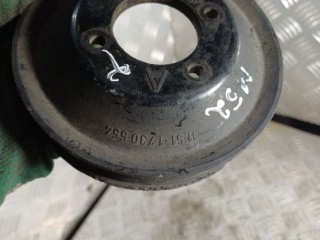 Шкив помпы, ориг. номер 1730554, BMW 3 E36 1990-1996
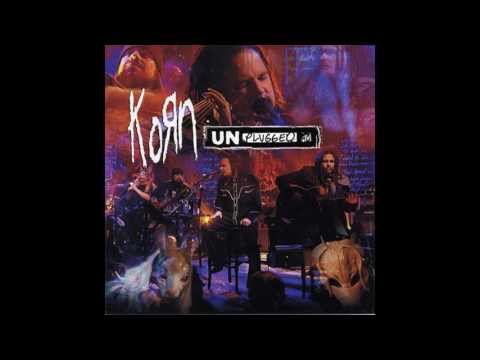 mtv unplugged korn 2007 télécharger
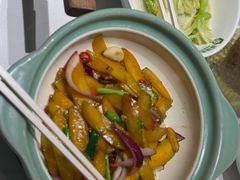 -绿草地·湘菜(7mall店)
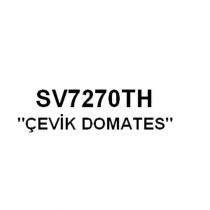 sv7270th çevik domates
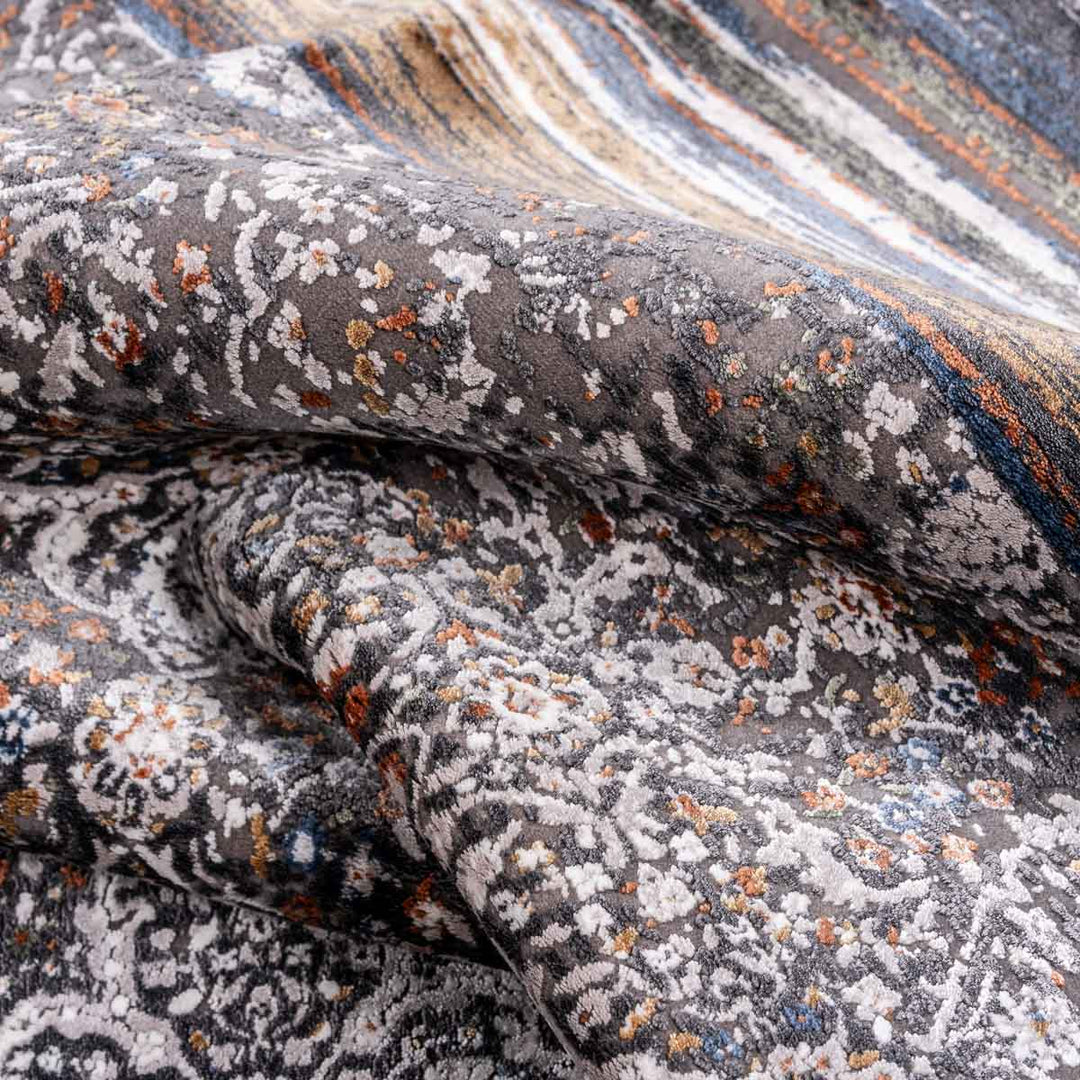 שטיח נול בוטיק 26 צבעוני | Nool boutique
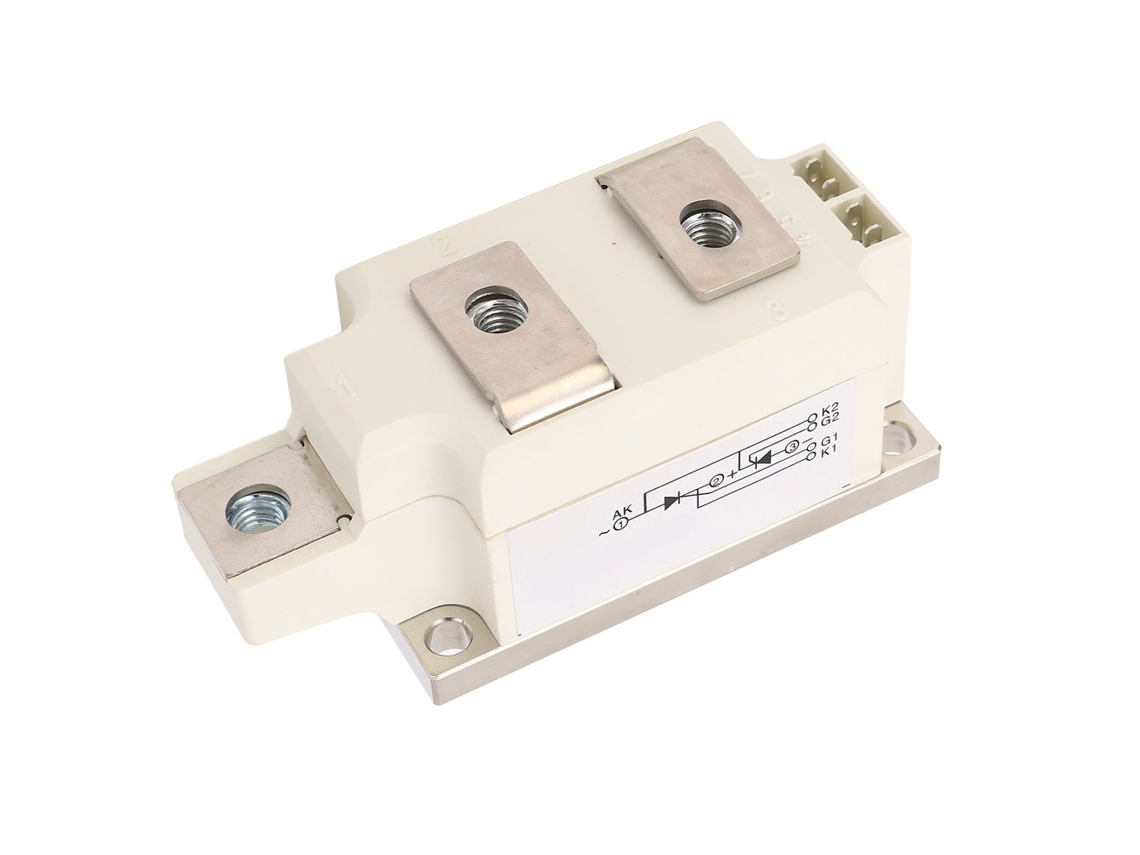 Laxiscreed Módulo De Potência Com Thyristor Bidirecional De Controlo Em Cobre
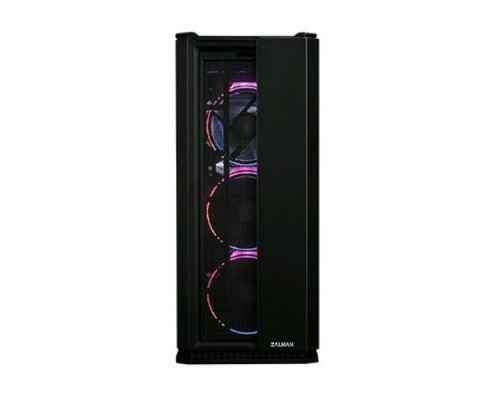 Корпус ZALMAN X3 Black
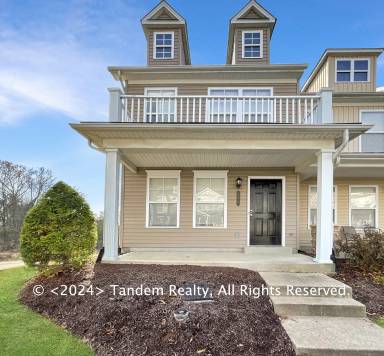 Main picture of Willow Pointe Apartments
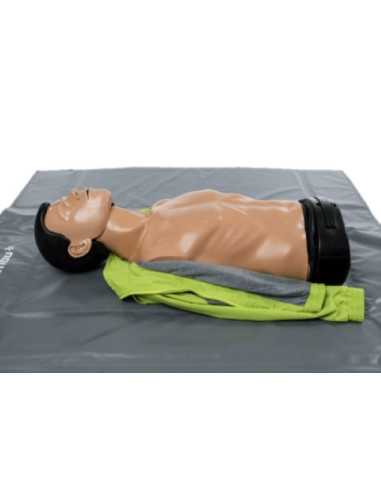 Ambu Man Wireless A234407000 deitado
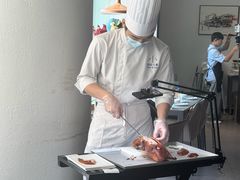 -小大董·烤鸭(观景餐厅·南京西路店)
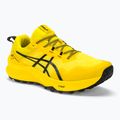 Încălțăminte de alergat pentru bărbați  ASICS Gel-Trabuco 11 golden yellow/black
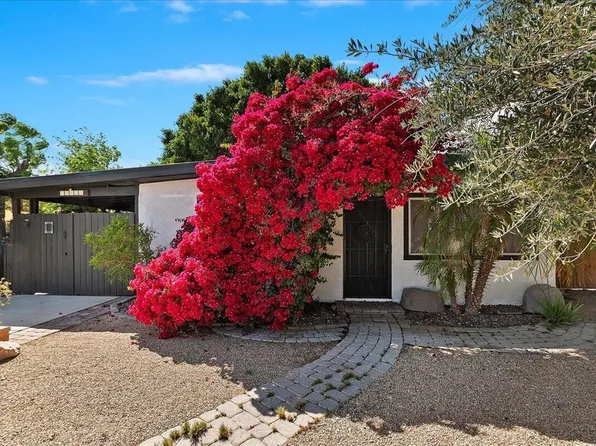 32929 Rancho Vista Dr, Cathedral City, CA 92234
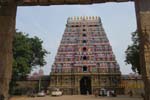 Srimushnam gopuram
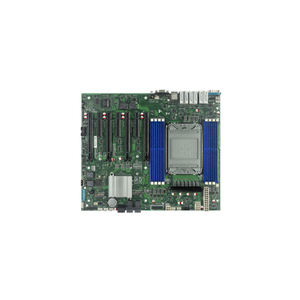 JWiPC P13SRA เมนบอร์ดเซิร์ฟเวอร์ LGA4189 DDR4 2.5GbE 8x DIMM 10x SATA 2x M.2 PCIe ขยายพอร์ต - Product Image 3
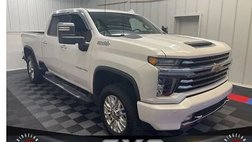 2023 Chevrolet Silverado 3500HD High Country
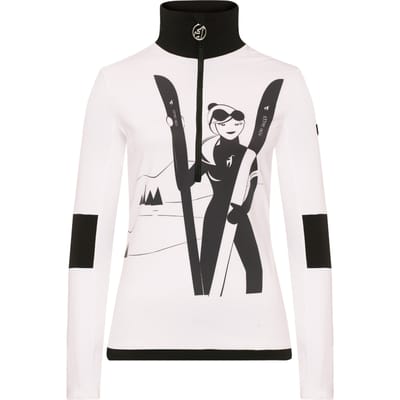 Toni Sailer Womens Yumi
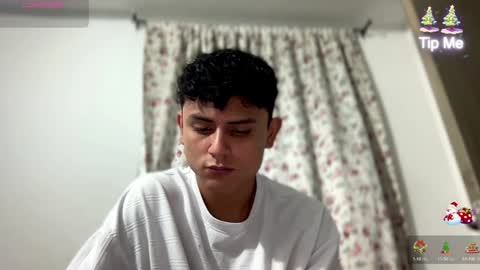 Snapshot of bob_pettersonn chatting on 12.16.24 Bob INDEPENDENT MODEL online show from 12.16.24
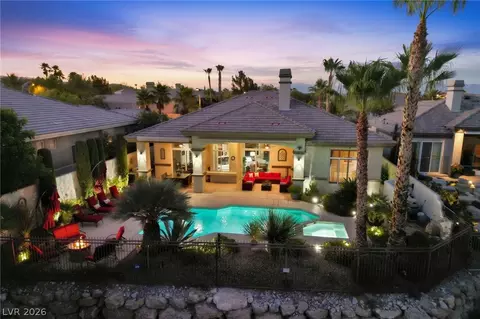 9253 Canyon Mesa Dr, Las Vegas, NV 89144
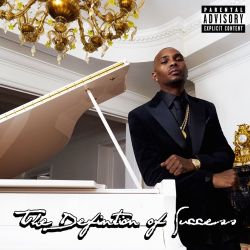 J. Stone - The Definition of Success [iTunes Plus AAC M4A]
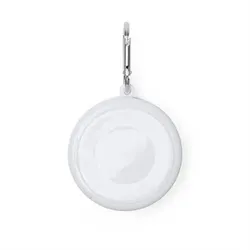 Antibakterielle Klappbare Tasse mit Deckel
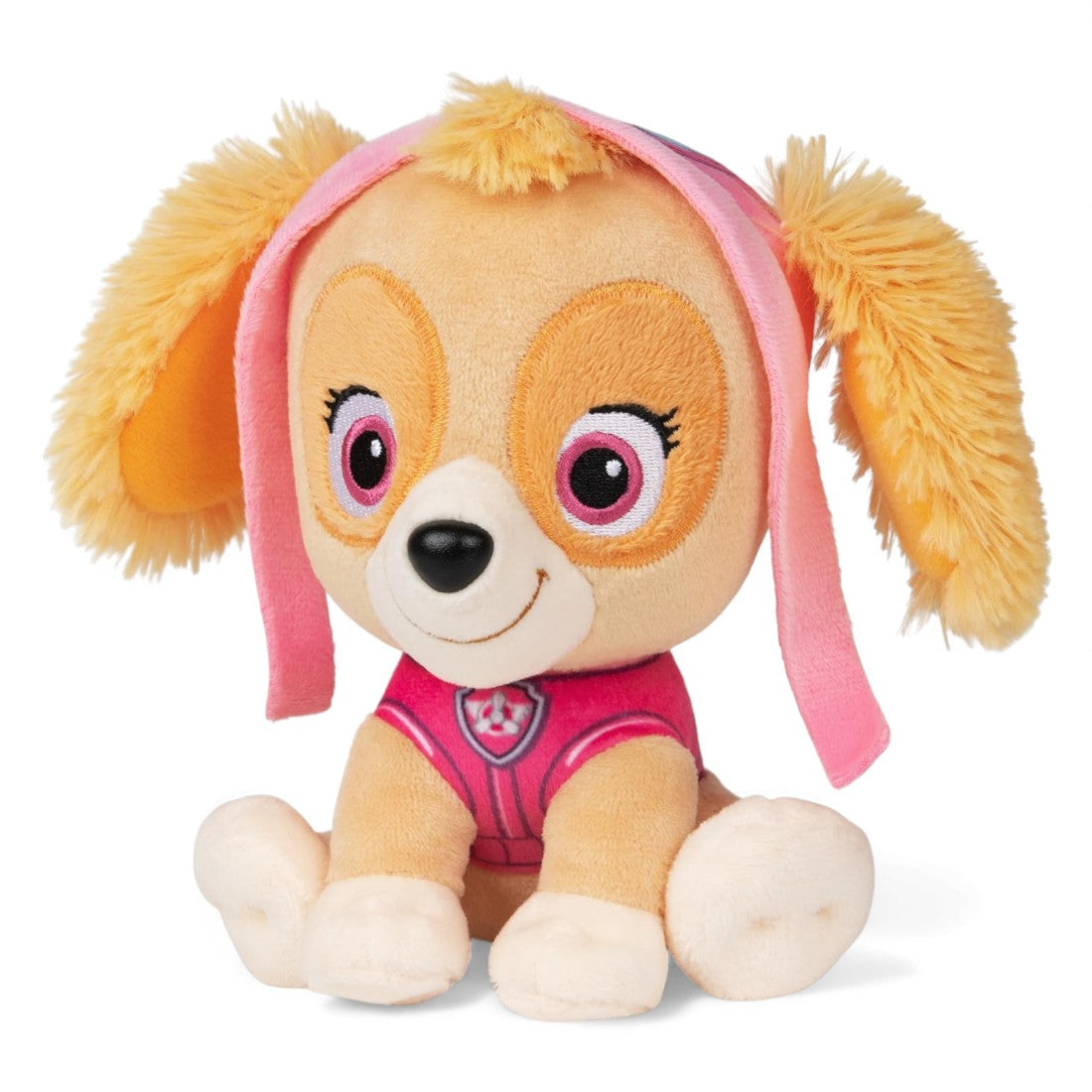 Peluche peluche Stella Pat’ Patrouille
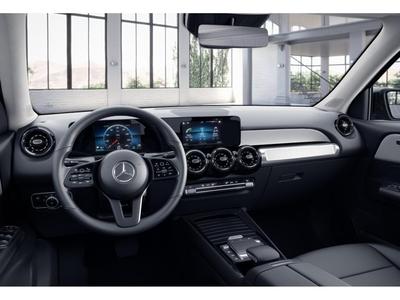 Mercedes-Benz GLB 220 d MBUX+SHZ+PDC+Fahrassist-P.+Apple+18LM 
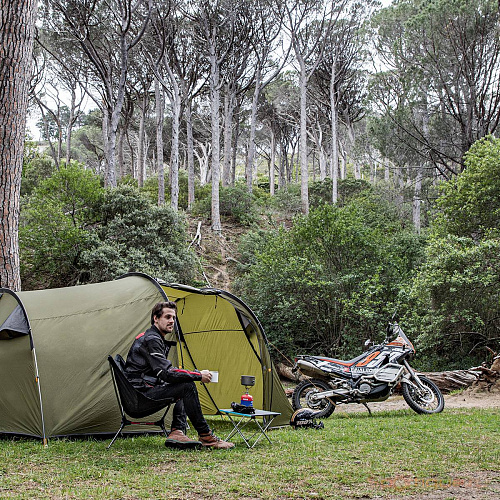 Палатка NatureHike Could Tourer 2 NH19ZP013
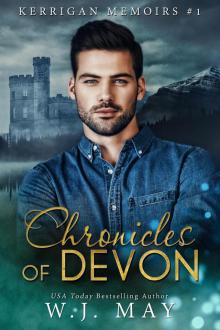 Chronicles of Devon Chronicles of Devon
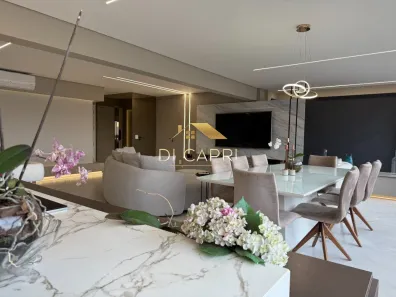 Apartamento com 3 Quartos à venda, 164m² no Tatuapé, São Paulo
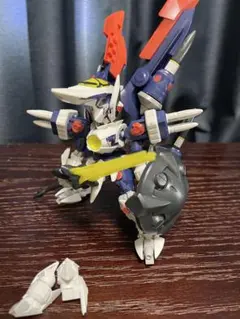 2026年最新】LBXオーレギオンの人気アイテム - メルカリ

> What needs to be done
Leave out any pictures and return exactly the lines from the beginning of the data through the line with "-小大董·烤鸭(观景餐厅·南京西路店)", inclusive.

> Final answer
 Шкив помпы, ориг. номер 1730554, BMW 3 E36 1990-1996
 mtv unplugged korn 2007 télécharger
 -绿草地·湘菜(7mall店)
 sv7270th çevik domates
 שטיח נול בוטיק 26 צבעוני | Nool boutique
 Laxiscreed Módulo De Potência Com Thyristor Bidirecional De Controlo Em Cobre
 Корпус ZALMAN X3 Black
 Main picture of Willow Pointe Apartments
 Ambu Man Wireless A234407000 deitado
 -小大董·烤鸭(观景餐厅·南京西路店)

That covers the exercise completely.